- Records shown

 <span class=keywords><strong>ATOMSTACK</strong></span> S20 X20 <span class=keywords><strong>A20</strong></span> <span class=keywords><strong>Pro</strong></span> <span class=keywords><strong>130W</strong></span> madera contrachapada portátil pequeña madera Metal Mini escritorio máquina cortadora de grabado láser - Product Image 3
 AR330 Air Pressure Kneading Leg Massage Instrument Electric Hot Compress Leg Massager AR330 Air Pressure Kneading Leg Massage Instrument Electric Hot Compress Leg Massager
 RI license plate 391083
---
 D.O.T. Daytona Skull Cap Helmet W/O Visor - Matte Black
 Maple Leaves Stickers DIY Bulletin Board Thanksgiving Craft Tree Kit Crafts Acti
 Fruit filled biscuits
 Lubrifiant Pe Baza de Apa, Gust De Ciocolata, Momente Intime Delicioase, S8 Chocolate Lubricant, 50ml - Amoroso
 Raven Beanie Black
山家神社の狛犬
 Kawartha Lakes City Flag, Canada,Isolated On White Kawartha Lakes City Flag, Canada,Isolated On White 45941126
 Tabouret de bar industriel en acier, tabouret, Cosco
==
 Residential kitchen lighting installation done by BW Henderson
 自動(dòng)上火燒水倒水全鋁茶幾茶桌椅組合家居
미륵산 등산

- About this exercise
Give back, word for word, only the lines above from the line holding "Raven Beanie Black" to the line holding "Tabouret de bar", both included.

- Output
 Raven Beanie Black
山家神社の狛犬
 Kawartha Lakes City Flag, Canada,Isolated On White Kawartha Lakes City Flag, Canada,Isolated On White 45941126
 Tabouret de bar industriel en acier, tabouret, Cosco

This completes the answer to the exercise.